The Comet Is Coming: Hard landings
For reasons that remain unexplained, the London experimental trio The Comet Is Coming started their late-night Red Marquee set about 15 minutes earlier than scheduled. Consequently, we arrived in the middle of a song that had already climaxed dramatically. It was a bit of a letdown, since the whole point of the band is the way they build to a chaotic finish.
But that’s slightly misleading, since Comet’s real achievement is how they start at 10 and just keep getting louder and wilder. The focus of the band is the keyboards of Danalogue the Conqueror, who seems to lead the group and has the most extroverted personality. On stage he stood behind his bank of instruments and made the most out of the band’s hip-hoppy grooves.
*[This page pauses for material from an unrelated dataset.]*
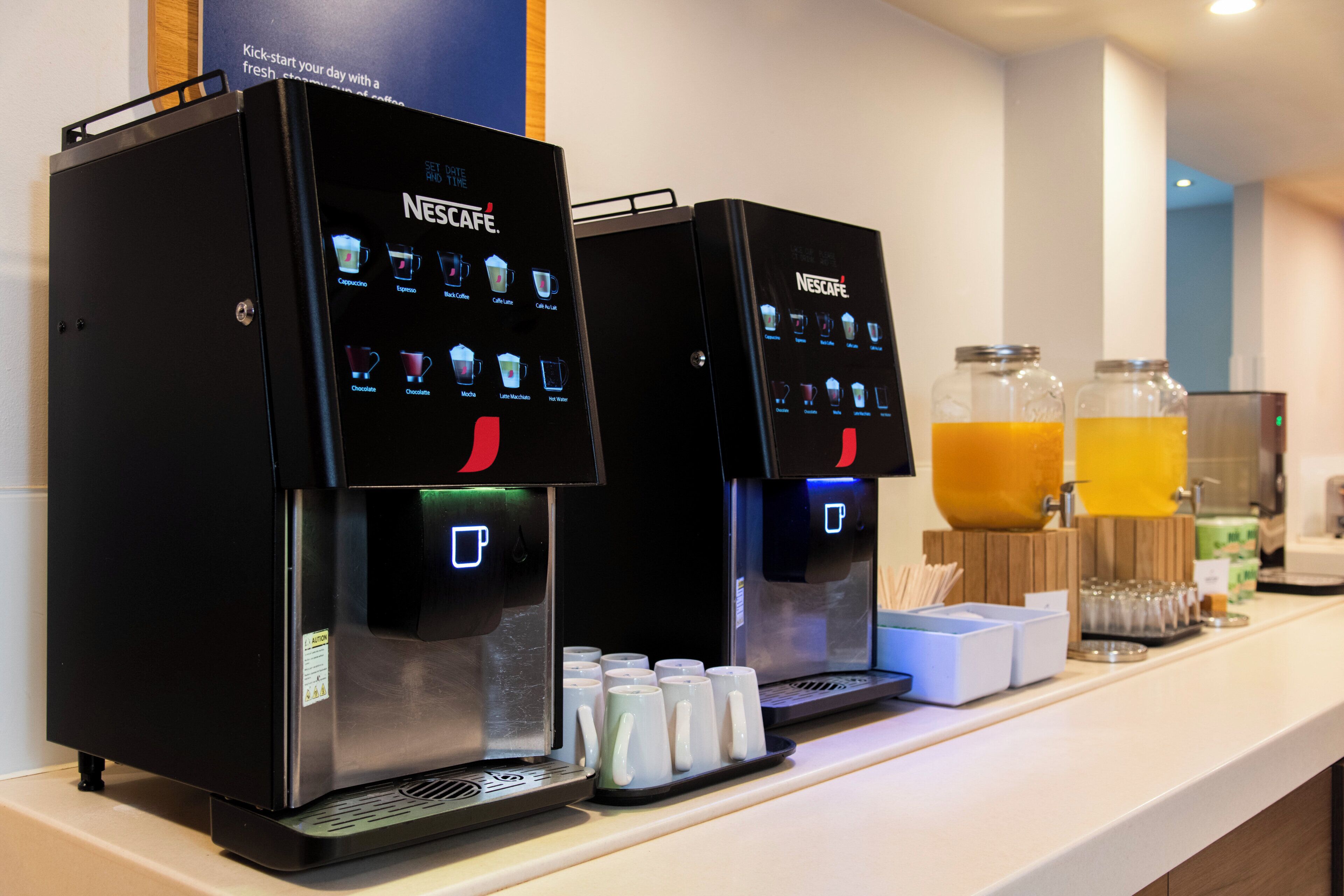 Two Nescafe coffee machines with a selection of coffee options and a water dispenser.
But the band’s secret weapon is saxophonist King Shabaka, whose wailing insistence never lets up, even when the arrangement calls for a bit of quiet. Though often categorized as jazz, the band’s music is more like garage rock taken to the extreme: The idea is to build tension until there’s nothing left to compromise. The audience dug the dynamic, but you could sense that some felt there was more to life than wailing incessantly for an hour.
The rest of us couldn’t get enough, and in that sense The Comet Is Coming is the jazz cognate of Death Grips, another trio that takes its chosen genre — hip hop — to extremes that no one else knew existed. The fact is, club kids like the ones who went crazy as Comet itself get their point probably better than bona fide jazzbos do.